With the permission of the Ceann Comhairle, I propose to take Questions Nos. 12, 28 and 69 together.
Based on expenditure returns from Departments, the present indications are that the Exchequer pay and pensions bill, including the exceptional costs arising under the voluntary early retirement scheme, is likely to be somewhat below the budget target.
My Department are actively co-ordinating the application of the voluntary early retirement package and redeployment in the public service.
Deputy Kennedy referred to a target of 10,000 redundancies this year. This is a misinterpretation of my earlier statement that the number on the public sector payroll, including local authorities, would fall by approximately 10,000. As I have previously indicated, this does not imply any specific figure for redundancy or early retirement since the reduction will be achieved by a combination of natural wastage, career breaks, and the scheme of voluntary early retirement. To date, the early retirement package has been offered to about 13,500 public servants. About 900 have accepted and will be leaving during 1987. The redundancy lump sums and related payments due in 1987 will amount to £10 million. I intend to introduce an additional Estimate for this amount in the Dáil this week.
In relation to 1988, the position is that in many areas of the public service the offer of voluntary early retirement will be made in the course of the year. Some public service employers such as health agencies and local authorities have not yet decided on the appropriate level of staffing in 1988, in the light of their 1988 allocations so it is not known how many redundancies they will be seeking. It is therefore not possible at this stage to give a number of redundancy acceptances for 1988. However, within this constraint, it is tentatively estimated that the requirement for lump sum payments in 1988 will be in the region of £80 to £100 million.
As regards the financing of these lumpsum payments I am pleased to report that the board of the Central Bank have now approved of arrangements under which the Bank will make advance payments of surplus income to the Exchequer, so as to assist the Exchequer in meeting the exceptional costs of the redundancy programme.
The arrangements are in accordance with section 63 (7) of the Currency Act, 1927 which provides that the Central Bank may at any time pay into the Exchequer such sums on account of surplus income as may be agreed upon by the Minister for Finance and the Central Bank.
I should explain that in the normal course the Exchequer receives from the Central Bank each year the surplus income earned by the bank in the previous year, less certain appropriations to the reserves of the bank.
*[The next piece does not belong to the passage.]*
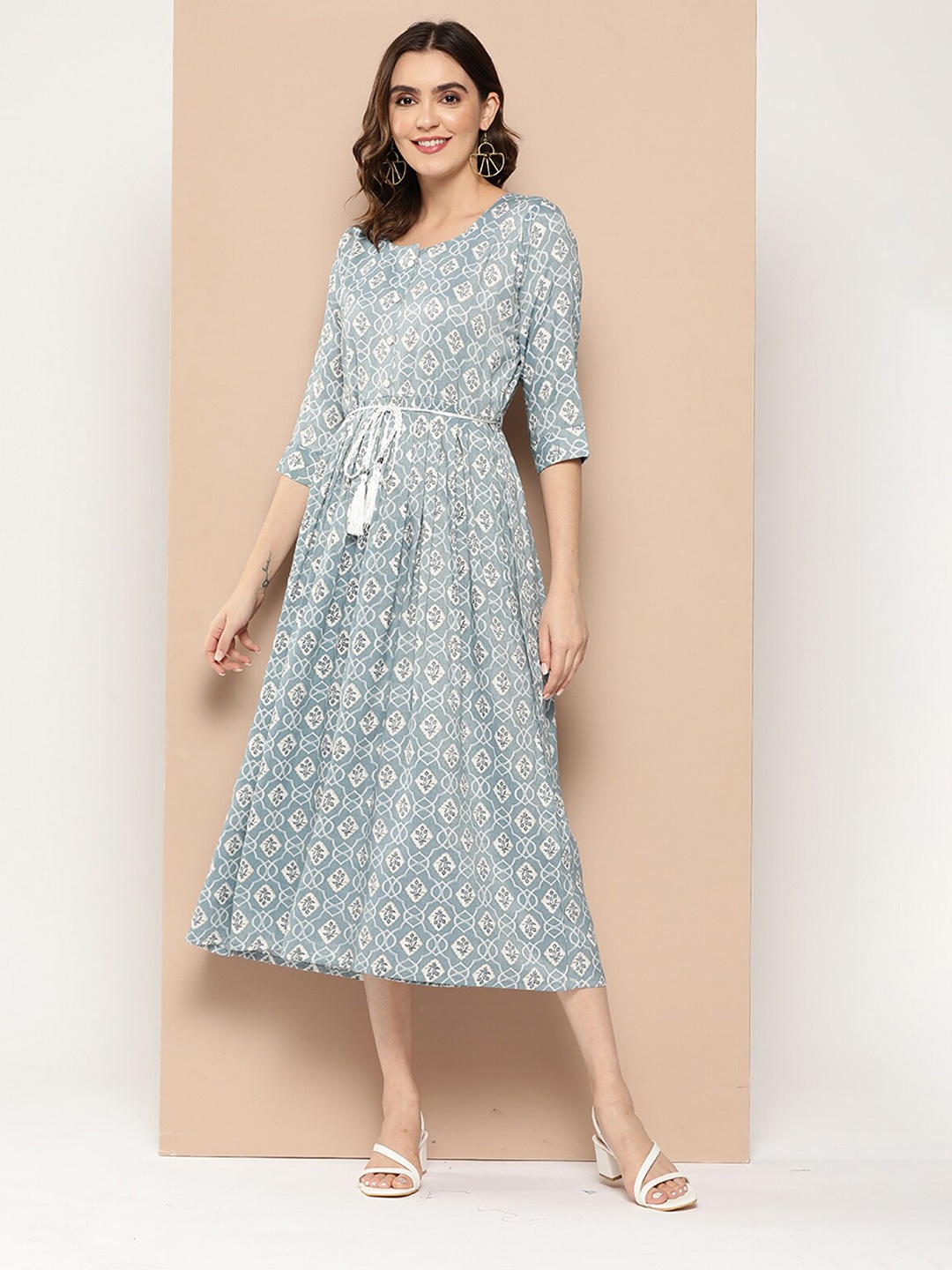 

ODETTE Ethnic Motifs Printed Tie-Ups Fit & Flare Midi Dress, Blue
Under the arrangements now agreed with the bank the Exchequer will receive in 1988, in addition to the normal payment of the surplus income from 1987, an advance payment out of the surplus the Central Bank will earn in 1988. The amount of this advance of surplus income will be sufficient to cover the cost of the lumpsum redundancy payments, most of which will fall in 1988 as I have indicated. The result will be that the exceptional costs of the redundancy programme will be financed by the additional surplus income from the Central Bank, and will not add to either the current budget deficit or the Exchequer borrowing requirement. The additional surplus income from the Central Bank will come into the Exchequer as non-tax revenue in the normal way.
The advance by the Central Bank will be repaid. Repayments will be financed out of the annual savings to the Exchequer from the redundancy programme. Therefore, the exceptional lump-sum payments will not increase the national debt or the cost of servicing it.
The repayments will take the form of four equal annual deductions by the Central Bank from the normal payments of surplus income for the years 1990 to 1993 inclusive. This repayment period was agreed by the bank so as to allow the full impact of the savings to come through to the Exchequer and to ensure that realised savings are adequate to meet repayments to the bank.
The bank has also agreed to finance the £10 million of lump sum payments that are expected to arise this year under the scheme. Similar financing and repayment arrangements to those that I have already outlined, in respect of the 1988 costs of the redundancy lump sum, will apply.
In agreeing to the financing arrangements the Central Bank indicated that they had taken into account the exceptional costs of the redundancy programme and the strenuous efforts being made by the Government to secure a lasting reduction in public expenditure and borrowing. I want to place on record the Government's appreciation of the constructive attitude adopted by the bank in this matter.